Your answer should consist only of the lines below from the one with "Season's Greetings to" through the one with "2005-2015 Toyota Tacoma", copied exactly.

Records drawn from a dataset
BEGIN

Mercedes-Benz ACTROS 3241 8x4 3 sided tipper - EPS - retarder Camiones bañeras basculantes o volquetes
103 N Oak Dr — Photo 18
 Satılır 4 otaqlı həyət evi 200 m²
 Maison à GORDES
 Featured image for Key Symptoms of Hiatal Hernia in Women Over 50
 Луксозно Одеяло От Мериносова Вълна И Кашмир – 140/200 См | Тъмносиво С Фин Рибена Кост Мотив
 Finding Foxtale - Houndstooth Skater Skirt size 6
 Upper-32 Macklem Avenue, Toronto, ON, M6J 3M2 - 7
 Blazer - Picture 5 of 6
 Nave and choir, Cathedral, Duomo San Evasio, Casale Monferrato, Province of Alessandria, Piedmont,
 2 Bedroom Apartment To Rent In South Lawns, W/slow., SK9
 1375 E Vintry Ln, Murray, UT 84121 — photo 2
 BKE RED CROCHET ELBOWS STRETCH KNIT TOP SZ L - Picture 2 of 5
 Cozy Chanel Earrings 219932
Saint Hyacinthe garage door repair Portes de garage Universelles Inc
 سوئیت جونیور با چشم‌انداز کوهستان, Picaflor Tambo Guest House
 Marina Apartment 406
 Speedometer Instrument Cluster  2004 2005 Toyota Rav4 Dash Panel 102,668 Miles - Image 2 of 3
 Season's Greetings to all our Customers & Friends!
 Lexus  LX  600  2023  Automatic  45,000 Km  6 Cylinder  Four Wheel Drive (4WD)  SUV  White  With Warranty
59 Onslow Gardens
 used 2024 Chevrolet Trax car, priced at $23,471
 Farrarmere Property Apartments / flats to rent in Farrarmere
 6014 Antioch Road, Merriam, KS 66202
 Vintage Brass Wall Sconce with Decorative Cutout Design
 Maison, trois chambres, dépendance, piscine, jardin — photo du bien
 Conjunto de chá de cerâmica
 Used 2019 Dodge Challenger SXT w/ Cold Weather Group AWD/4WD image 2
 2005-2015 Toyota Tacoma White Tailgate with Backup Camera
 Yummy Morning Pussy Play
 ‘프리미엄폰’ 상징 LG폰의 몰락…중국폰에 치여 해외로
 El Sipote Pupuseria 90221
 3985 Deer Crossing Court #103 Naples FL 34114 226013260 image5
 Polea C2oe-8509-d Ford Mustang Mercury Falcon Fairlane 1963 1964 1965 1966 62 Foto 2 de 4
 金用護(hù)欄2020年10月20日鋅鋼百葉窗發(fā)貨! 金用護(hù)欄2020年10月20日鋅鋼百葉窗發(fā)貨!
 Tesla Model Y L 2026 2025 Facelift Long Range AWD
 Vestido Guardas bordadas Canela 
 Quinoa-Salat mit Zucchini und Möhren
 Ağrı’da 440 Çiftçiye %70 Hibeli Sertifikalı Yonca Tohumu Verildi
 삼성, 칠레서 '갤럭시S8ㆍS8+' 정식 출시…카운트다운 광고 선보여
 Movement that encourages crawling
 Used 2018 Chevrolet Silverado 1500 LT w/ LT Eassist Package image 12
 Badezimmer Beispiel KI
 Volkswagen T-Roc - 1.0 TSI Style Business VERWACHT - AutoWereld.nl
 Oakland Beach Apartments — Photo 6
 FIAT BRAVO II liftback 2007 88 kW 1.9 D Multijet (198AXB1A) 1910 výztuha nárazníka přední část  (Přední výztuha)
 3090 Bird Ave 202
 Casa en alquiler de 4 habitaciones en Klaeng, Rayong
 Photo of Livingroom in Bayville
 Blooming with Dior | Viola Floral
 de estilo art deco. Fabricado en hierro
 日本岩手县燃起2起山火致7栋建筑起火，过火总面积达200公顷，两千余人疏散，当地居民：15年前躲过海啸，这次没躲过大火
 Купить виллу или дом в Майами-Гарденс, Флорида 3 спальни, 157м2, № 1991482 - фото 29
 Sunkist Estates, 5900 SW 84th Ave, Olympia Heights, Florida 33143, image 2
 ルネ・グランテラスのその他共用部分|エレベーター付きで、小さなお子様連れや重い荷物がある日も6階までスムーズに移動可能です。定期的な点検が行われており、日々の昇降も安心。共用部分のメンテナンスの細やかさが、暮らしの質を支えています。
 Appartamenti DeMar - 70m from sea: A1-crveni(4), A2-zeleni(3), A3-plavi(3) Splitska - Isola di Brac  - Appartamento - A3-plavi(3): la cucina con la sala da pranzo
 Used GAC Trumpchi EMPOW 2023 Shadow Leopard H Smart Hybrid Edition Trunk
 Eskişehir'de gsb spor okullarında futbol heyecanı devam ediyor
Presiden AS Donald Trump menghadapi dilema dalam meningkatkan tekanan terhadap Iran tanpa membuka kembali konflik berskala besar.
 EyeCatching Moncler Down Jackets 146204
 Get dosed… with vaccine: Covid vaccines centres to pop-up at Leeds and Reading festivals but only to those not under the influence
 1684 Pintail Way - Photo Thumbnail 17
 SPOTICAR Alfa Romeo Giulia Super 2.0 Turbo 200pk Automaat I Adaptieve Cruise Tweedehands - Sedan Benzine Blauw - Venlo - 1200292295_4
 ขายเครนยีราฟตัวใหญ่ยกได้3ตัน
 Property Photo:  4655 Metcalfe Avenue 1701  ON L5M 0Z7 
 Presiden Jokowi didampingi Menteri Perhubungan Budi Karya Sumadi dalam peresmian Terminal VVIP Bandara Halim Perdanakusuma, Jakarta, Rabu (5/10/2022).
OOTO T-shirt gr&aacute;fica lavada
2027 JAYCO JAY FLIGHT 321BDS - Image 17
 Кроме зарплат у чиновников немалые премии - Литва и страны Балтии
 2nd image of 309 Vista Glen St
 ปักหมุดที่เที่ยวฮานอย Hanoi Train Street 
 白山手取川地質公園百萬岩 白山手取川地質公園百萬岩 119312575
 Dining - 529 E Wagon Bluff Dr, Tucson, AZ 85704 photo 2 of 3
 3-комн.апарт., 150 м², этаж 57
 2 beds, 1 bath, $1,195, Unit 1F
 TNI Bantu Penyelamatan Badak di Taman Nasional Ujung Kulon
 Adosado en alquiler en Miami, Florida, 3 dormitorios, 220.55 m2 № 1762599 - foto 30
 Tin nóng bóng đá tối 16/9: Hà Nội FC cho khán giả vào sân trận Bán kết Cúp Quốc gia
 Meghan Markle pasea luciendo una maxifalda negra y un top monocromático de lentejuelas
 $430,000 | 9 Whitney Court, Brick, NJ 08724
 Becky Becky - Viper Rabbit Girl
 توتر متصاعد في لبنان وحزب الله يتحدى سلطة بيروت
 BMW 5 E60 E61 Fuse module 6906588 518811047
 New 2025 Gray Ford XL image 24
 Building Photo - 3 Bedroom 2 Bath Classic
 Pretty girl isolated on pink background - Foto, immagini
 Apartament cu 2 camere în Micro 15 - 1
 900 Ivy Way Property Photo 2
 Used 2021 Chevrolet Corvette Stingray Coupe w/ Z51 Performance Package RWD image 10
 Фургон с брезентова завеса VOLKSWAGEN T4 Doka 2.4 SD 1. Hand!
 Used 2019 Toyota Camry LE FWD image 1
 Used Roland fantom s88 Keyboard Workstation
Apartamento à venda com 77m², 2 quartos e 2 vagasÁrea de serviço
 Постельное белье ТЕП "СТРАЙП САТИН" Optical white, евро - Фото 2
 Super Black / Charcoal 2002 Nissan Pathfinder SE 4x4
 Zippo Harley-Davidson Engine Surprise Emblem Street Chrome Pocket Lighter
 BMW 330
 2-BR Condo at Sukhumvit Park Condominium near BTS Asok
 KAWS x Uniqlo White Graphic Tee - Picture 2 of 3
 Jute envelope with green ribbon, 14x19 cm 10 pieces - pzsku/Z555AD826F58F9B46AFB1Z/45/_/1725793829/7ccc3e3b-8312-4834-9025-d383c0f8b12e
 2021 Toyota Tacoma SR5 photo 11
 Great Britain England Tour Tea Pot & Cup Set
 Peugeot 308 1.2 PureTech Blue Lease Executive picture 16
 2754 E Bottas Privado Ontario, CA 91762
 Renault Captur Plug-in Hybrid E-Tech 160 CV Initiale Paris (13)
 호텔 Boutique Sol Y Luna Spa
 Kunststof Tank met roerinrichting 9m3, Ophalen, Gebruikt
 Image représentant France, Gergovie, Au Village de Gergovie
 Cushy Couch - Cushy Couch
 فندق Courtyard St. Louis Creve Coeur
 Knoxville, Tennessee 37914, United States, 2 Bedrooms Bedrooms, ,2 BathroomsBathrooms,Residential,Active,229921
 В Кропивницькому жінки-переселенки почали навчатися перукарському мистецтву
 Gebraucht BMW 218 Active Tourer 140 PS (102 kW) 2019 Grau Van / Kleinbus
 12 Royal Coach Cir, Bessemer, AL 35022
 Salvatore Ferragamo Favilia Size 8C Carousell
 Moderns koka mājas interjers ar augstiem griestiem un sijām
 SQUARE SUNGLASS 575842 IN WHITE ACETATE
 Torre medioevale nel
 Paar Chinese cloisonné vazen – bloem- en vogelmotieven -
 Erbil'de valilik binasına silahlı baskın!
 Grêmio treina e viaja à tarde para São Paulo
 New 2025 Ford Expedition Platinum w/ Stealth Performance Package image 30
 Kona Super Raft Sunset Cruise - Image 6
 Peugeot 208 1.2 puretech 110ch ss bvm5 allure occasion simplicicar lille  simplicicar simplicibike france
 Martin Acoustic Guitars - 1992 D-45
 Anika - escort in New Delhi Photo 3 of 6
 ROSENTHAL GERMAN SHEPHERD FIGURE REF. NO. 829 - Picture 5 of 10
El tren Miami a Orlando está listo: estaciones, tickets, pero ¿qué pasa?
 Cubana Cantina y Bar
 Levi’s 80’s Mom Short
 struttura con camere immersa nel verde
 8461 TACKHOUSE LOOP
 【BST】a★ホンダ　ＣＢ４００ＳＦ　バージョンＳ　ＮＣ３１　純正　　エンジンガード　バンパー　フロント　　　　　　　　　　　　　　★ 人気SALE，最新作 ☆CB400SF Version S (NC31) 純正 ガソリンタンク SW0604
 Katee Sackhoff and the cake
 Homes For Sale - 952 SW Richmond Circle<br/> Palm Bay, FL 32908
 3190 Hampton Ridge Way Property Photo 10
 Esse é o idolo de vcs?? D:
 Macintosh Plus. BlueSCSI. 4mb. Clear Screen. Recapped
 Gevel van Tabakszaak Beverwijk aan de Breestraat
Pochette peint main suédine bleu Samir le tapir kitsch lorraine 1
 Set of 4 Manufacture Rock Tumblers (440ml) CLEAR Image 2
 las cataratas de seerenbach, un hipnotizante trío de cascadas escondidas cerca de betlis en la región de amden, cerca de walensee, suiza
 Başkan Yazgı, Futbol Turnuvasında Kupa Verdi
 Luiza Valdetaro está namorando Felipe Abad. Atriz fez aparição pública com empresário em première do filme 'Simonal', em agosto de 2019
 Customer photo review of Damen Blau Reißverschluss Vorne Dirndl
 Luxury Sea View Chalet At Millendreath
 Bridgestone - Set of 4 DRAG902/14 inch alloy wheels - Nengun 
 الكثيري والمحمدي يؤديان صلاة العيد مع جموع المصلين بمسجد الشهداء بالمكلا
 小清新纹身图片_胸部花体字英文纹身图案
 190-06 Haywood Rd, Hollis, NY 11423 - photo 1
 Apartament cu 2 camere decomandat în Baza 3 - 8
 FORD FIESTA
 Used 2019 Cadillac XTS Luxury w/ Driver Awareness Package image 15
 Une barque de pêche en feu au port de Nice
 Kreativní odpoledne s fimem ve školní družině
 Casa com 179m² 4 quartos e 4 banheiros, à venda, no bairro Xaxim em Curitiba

END

— Answer below —
 Season's Greetings to all our Customers & Friends!
 Lexus  LX  600  2023  Automatic  45,000 Km  6 Cylinder  Four Wheel Drive (4WD)  SUV  White  With Warranty
59 Onslow Gardens
 used 2024 Chevrolet Trax car, priced at $23,471
 Farrarmere Property Apartments / flats to rent in Farrarmere
 6014 Antioch Road, Merriam, KS 66202
 Vintage Brass Wall Sconce with Decorative Cutout Design
 Maison, trois chambres, dépendance, piscine, jardin — photo du bien
 Conjunto de chá de cerâmica
 Used 2019 Dodge Challenger SXT w/ Cold Weather Group AWD/4WD image 2
 2005-2015 Toyota Tacoma White Tailgate with Backup Camera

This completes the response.